As you can see, if you have STRICT typechecking enabled in
one file, but not in another, the C++ compiler will generate
different external link symbols for a single function.  This
will result in link time errors.  Therefore, it is recommended
that you use STRICT typechecking only for C modules (those that
end in .C).  Additionally, STRICT is a compile time only
option, so once you sucessfully compile your code the benefits
of STRICT are completely realized.

MFC accomplishes all of STRICT static typechecking, plus a whole
lot more, by using the C++ language.  Therefore, STRICT is disabled
by default.  If you wish to use STRICT you will need to recompile
the MFC libraries that you regularly use (because of typesafe
linkage, the external link symbols are different between STRICT
and non-STRICT.)

The following are guidelines for using STRICT with C/C++/MFC.

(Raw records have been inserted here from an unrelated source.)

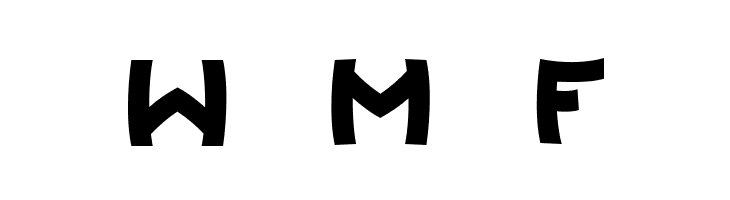 trasher 2  Free Fonts Download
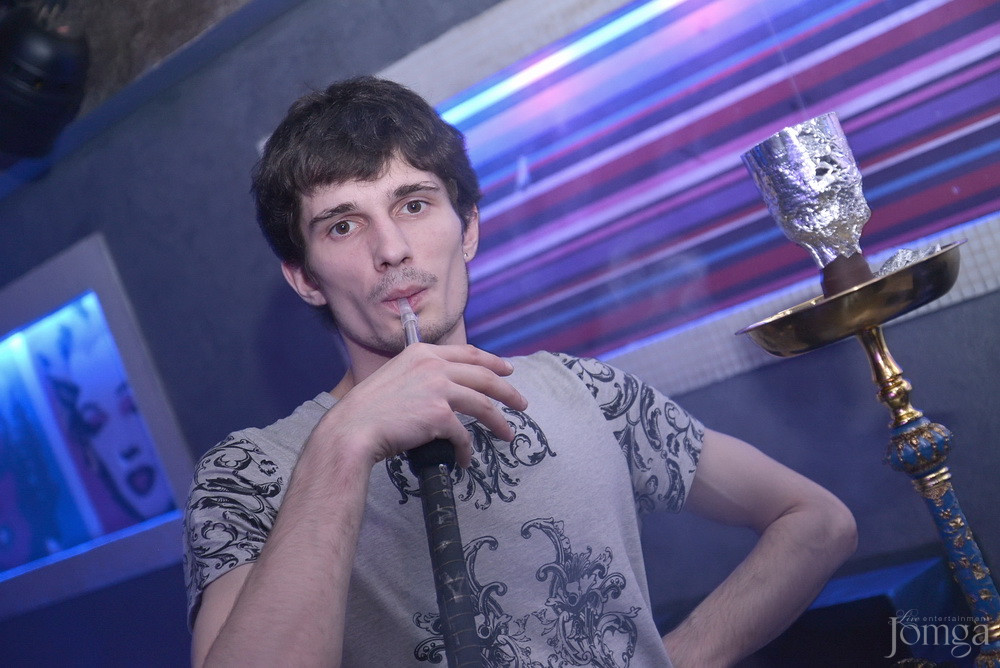 Фотография с Концерт Blues Division Band & вечеринка Trap  в Пятерочка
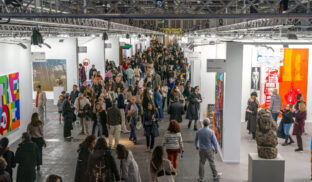 art and brands collaboration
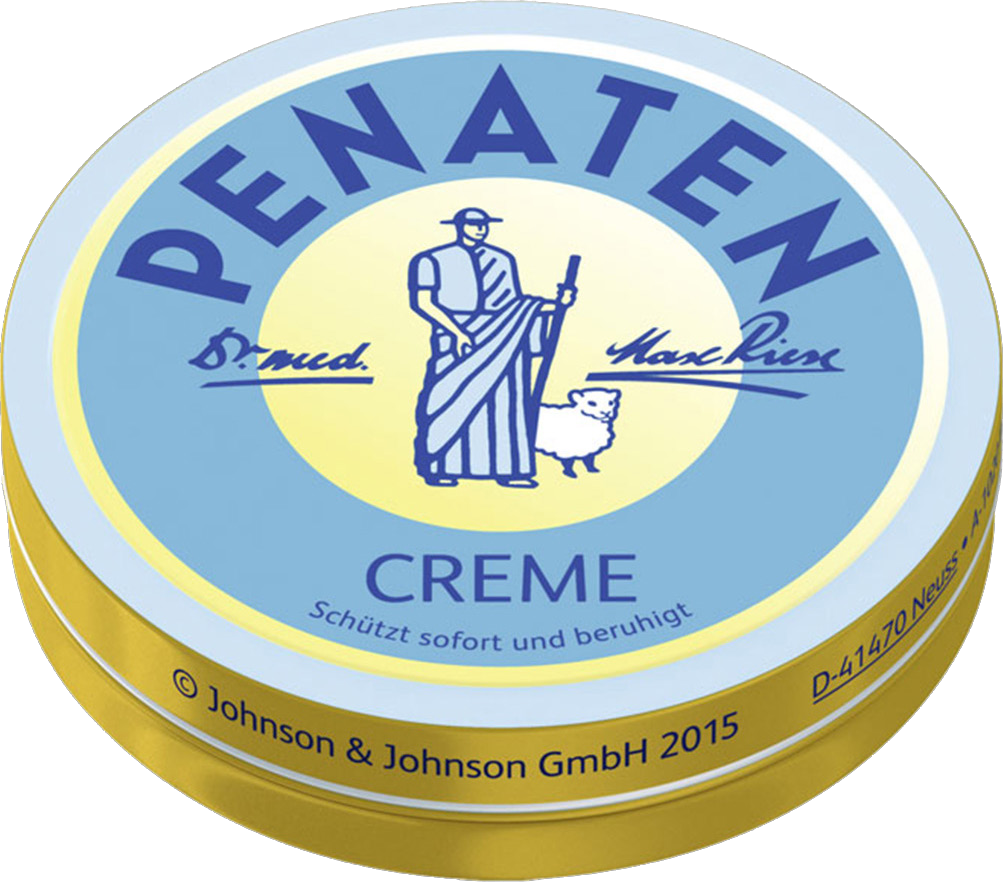 PENATEN CREME 50ML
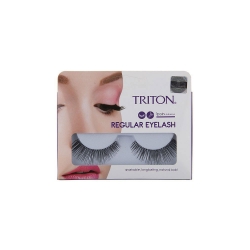 مژه مصنوعی تریتون Triton Regular Eyelash Eye-L09 Lashes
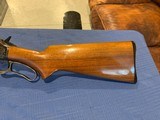 MARLIN MODEL 1936 - only made 1 YEAR - 7 of 15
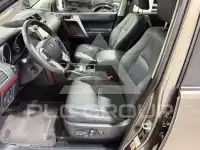2017 Toyota LAND CRUISER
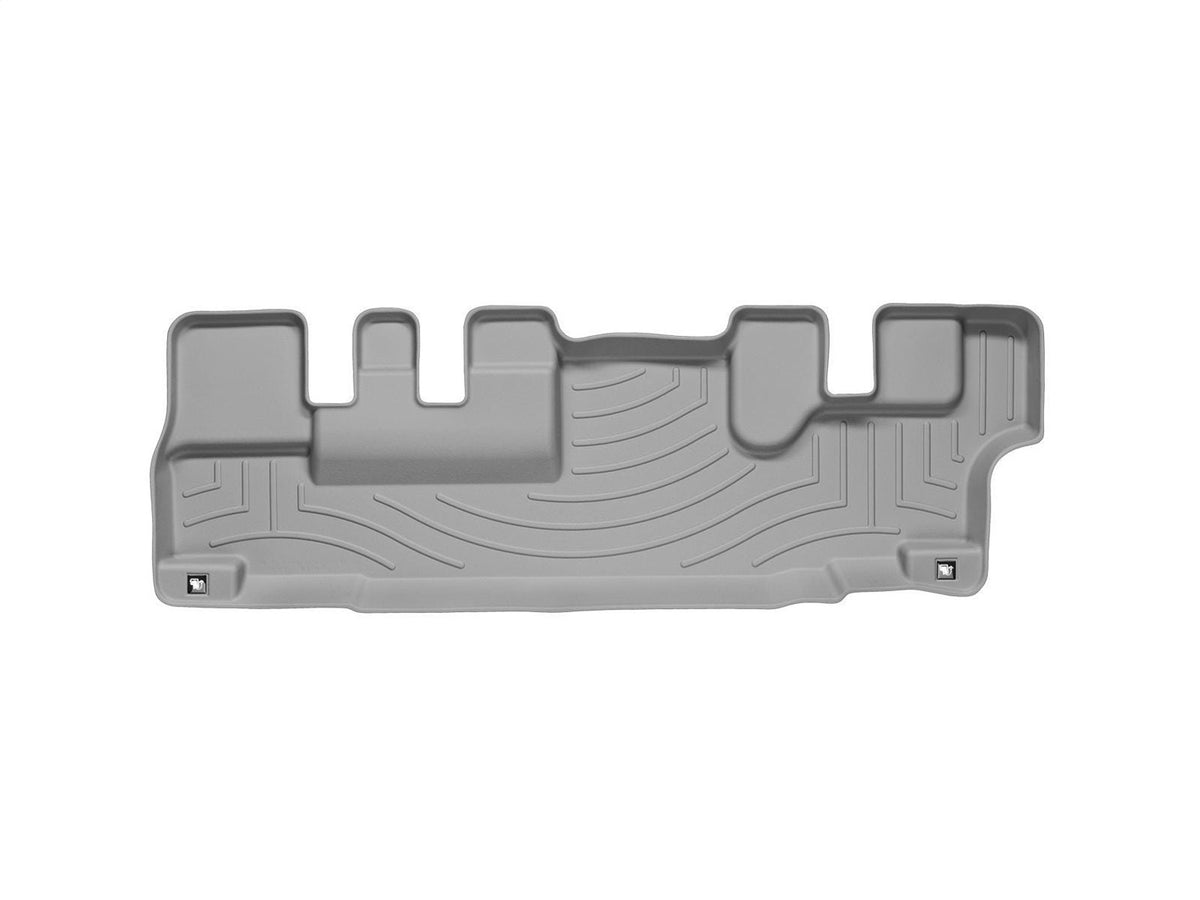 Weathertech - FloorLiner™ DigitalFit® - Gray Third Row 06-10 Explorer / 06-10 Mountaineer - 460433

If you have existing Windows 3.0 C code and you wish to keep it as C code,
you can either work to make it STRICT compliant or not, that option is
yours.  Be sure to use C++ conventions for your exported header file
such as putting extern "C" { } around your C APIs if you intend on
using the header file within any C++ code.  If you have existing Windows
3.1 STRICT C code, then moving it to C++/MFC eliminates the need for
STRICT.  

For any C code that you have, the use of STRICT is optional
and encouraged.  For C++ code, you should use STRICT with
great care, if at all, because of the issues of typesafe linkage.